== TRY IT ==
Your job with the data below: print everything from the line that holds "Citroen DS3 BSM" down to the line that holds "2008 Nissan Titan LX Minivan", ends included, exactly, and nothing else.

== RECORDS SHOWN ==
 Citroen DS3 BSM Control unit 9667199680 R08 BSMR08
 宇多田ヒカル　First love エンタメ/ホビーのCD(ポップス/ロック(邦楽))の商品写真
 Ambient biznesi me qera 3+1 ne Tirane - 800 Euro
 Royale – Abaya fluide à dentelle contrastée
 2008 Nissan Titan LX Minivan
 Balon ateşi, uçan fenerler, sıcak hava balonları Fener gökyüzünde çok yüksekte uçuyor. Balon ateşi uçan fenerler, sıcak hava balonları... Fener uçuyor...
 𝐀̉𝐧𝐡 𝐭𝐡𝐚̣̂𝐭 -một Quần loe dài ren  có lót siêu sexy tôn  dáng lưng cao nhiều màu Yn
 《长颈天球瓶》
* * *
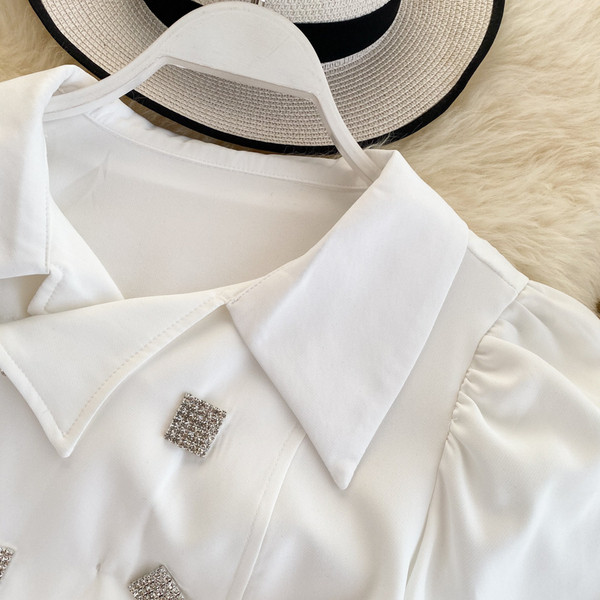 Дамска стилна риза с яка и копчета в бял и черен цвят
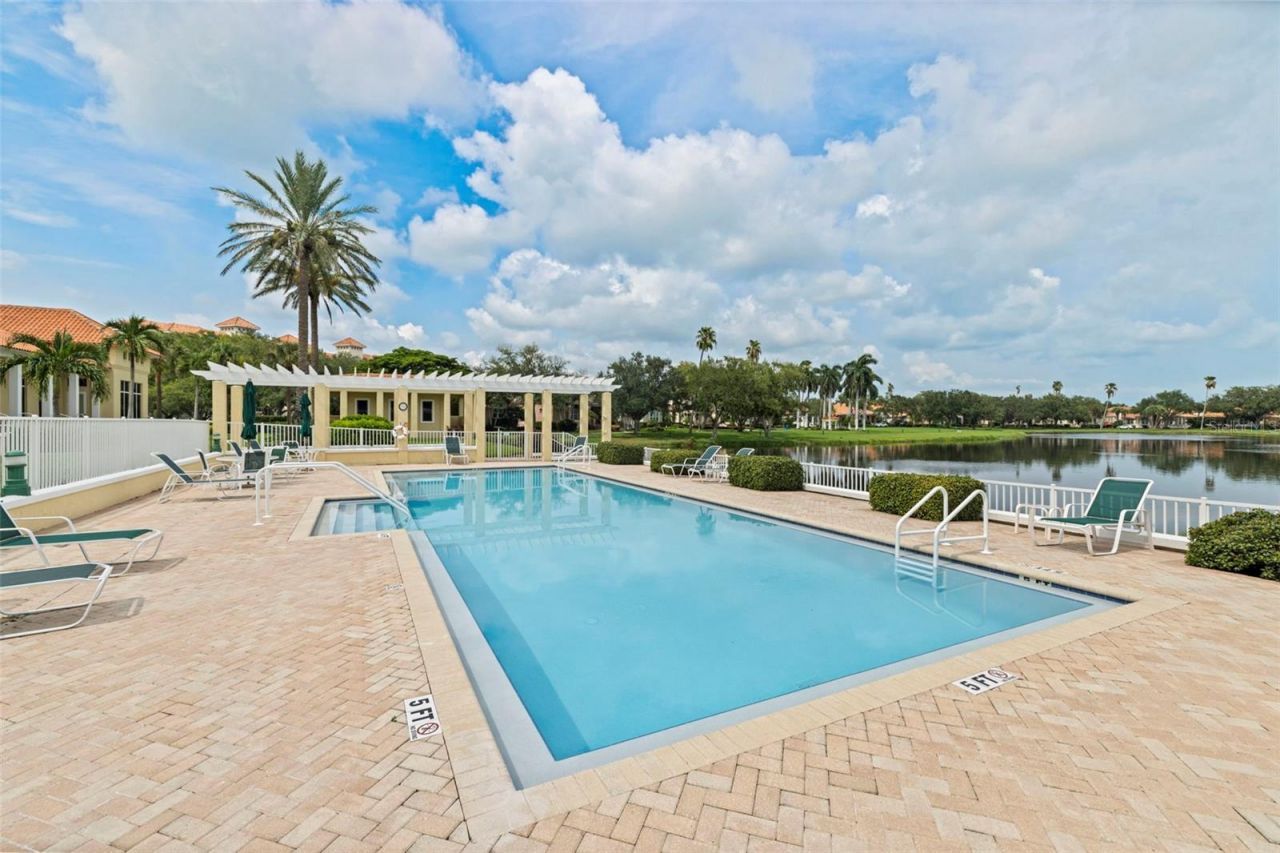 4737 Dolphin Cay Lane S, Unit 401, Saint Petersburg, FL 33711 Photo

== WRITTEN RESPONSE ==
 Citroen DS3 BSM Control unit 9667199680 R08 BSMR08
 宇多田ヒカル　First love エンタメ/ホビーのCD(ポップス/ロック(邦楽))の商品写真
 Ambient biznesi me qera 3+1 ne Tirane - 800 Euro
 Royale – Abaya fluide à dentelle contrastée
 2008 Nissan Titan LX Minivan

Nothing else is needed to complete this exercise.